# The Compact of Ruination



## Shacklock (Dec 15, 2009)

Really wasent feeling Loyalists so I decided to take a break and thrash out the fluff for my Renegade Slaanesh force. C&C welcome, really need to sharpen up my writing.

WIP




*The Compact Of Ruination*
_Master of deceitful treachery, his silver-tongue has enchanted the dispossessed souls of a thousand worlds. True paragon of our glorious Prince._ 
*~Alexandus Corvandur, Veteran Sergeant of The Emperor’s Children*



*Chapter One*
_Truthful Realisations are rarely conceived willingly. _



_‘Give praise to the blessed Lady of Truth, for her holy tenants are sixthfold. Offer yourselves in naked truth to Her illuminating glory,’ _
The stale air kilometres below the hive spire of Terendus Prime was ripe with the stench of corruption and chaos. The ecstatic cries of the heretical preacher echoed down the dripping service-tunnels, all the way to the crouched form of brother-captain Salius Delanter hidden amongst the plasteel conduits. 
_‘Cast off the suffocating trappings of the Corpse-Emperor’s dogma and unchain your souls, through the experience of physical pleasure do we achieve spiritual freedom!’_ Salius grimaced in disgust, intoning a silent prayer to the Emperor of Mankind, as if seeking to wash off the blasphemous stench of the preacher’s beguiling sermon. Finally locating this particular nest of heretics, having waded through endless kilometres of snaking tunnels infested with rad-mutants and heretic scum, every moment the cultists still drew breath galled him considerably. The muted clank of an armoured giant silently shifting up beside him forced Salius from his irritable reverie. 
_‘The men are in position, brother-captain, do we strike?’_Asked Davrik, alpha squad’s veteran sergeant.
Clenching the haft of his chainsword eagerly, Salius nodded curtly, not trusting his voice to betray his excitement. Many of his brothers, Salius had oft noticed failed to share his appreciation for the emotion of battle. Warfare, the captain firmly believed, was a complex thing of intrinsic beauty, there to be embraced in every conceivable way. The emotions one felt coursing through them both directly proceeding and in the midst of bloody combat were experiences to relish. _‘Aye brother, we strike,’_ he replied

Springing to life, the nineteen men of the Scything Talon’s 4th Battle-Company crept towards their objective. With another nod, this time to the warrior on point, a trio of frag grenades soared silently into the murky depths beyond the workshop hatchway. Followed a heartbeat later by a deafening roar of shredded flesh and mangled limbs.
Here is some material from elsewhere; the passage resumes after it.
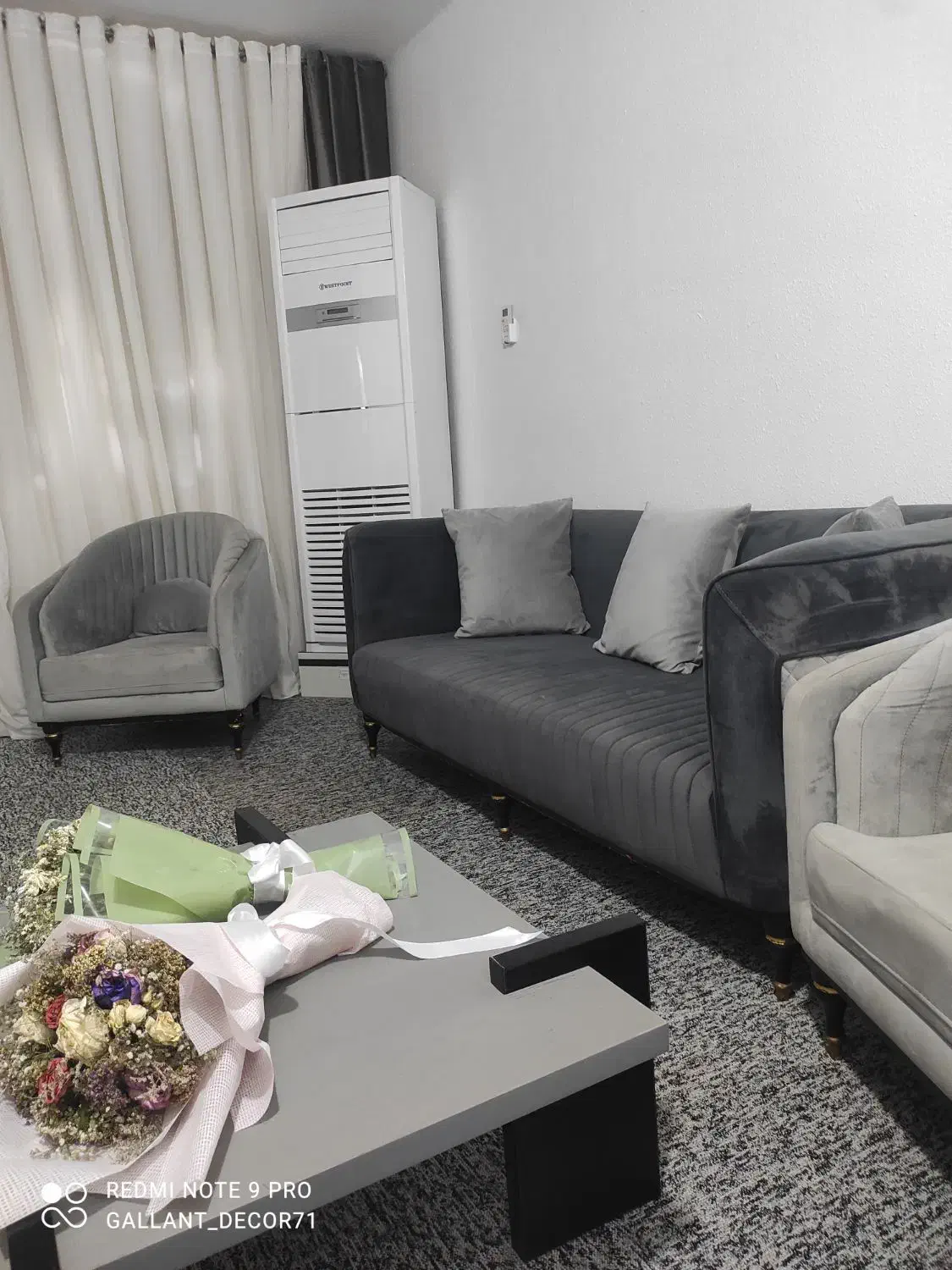 خورموج مسکن شهرسازی|فروش آپارتمان|خورموج, |دیوار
Eating up the last few metres to the hatchway, Salius barrelled through the portal, the coughing report of his bolt pistol merging with furious cries of _‘The Emperor’s Scything Talons!’_ A manically grinning figure rose up out of the smoking maelstrom, swinging a makeshift cudgel; it collapsed backwards in a spray of crimson mist before being replaced by a dozen or so more maniacal cultists. Barrelling onwards, Salius dispatched them with disdainful ease, stowing his depleted pistol and hefting his whirring chainsword as it roared into motion. Hacking and cutting his way indiscriminately through the bloody scrum of ragged chaos-worshippers, the brother-captain’s attention was locked firmly on the architect of this situation as he weaved in and out of Salius’s view. Capering wildly upon a makeshift pulpit the arch-recidivist sought to impose some form of organised chorography on the chaotic mêlée unfolding before his eyes. Gesturing with grand sweeps and swings of his arms, like some demented composer to little effect. Disorientated and confused by the suddenness and staggering fury of the Scythes assault the cultists fell like so much chaff as more Scything Talons flooded into the cramped confines of what had become a merciless slaughter-house. 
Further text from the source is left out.